Friday, 27 May 2011

BMA

What is it about too many doctors that makes them think they know better than the rest of us? That somehow they are an elite that the rest of us should bow down before? A lot of them are not even very good at diagnosis (I know too many people who have died because their cancer was not diagnosed until too late) so why should they be able to tell us that the proposed reforms of the NHS are unacceptable? Are doctors good businessmen? Do they have a skill that enables them to run a huge organisation like the NHS? I would doubt that anyone has that skill.
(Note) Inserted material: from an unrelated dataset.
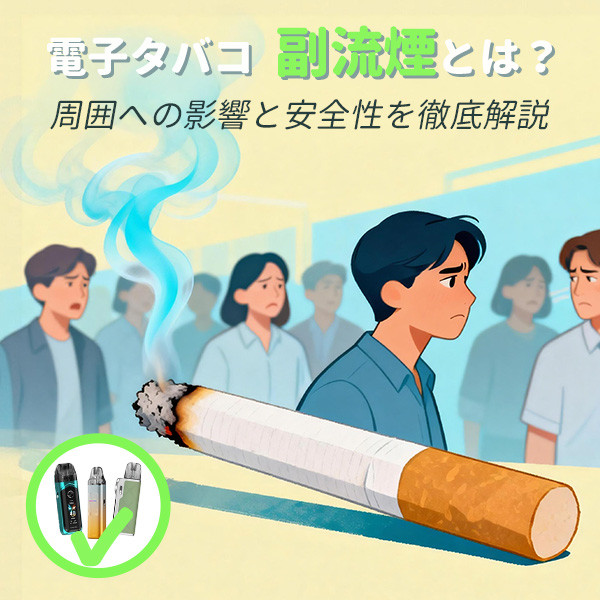 電子タバコ 副流煙とは?周囲への影響と安全性を徹底解説 【Vapesourcing】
If the NHS is not to be broken up, as it should be, into manageable and competing entities then reforms to improve its enormous inefficiencies and waste should be encouraged by everyone. What the government had been proposing may not be ideal but it has been well thought through and will at least achieve some benefit for both taxpayers and users. Silly me I forgot - it may inconvenience some of those employed in the NHS and even result in a reduction of employees. I have visited the Marsden hospital a couple of times in the last two weeks and have been surprised at the over-staffing of blood takers and, it has to be said, nurses in the out patients department, more than you see in a private hospital. Furthermore I was not impressed by the quality of some of the staff compared with those who work in the private sector. The BMA is very effective at tugging at people's heart strings but it is nonetheless only a trade union and its role in promoting itself and its members to the detriment of those of us who pay its members and use their services must be exposed.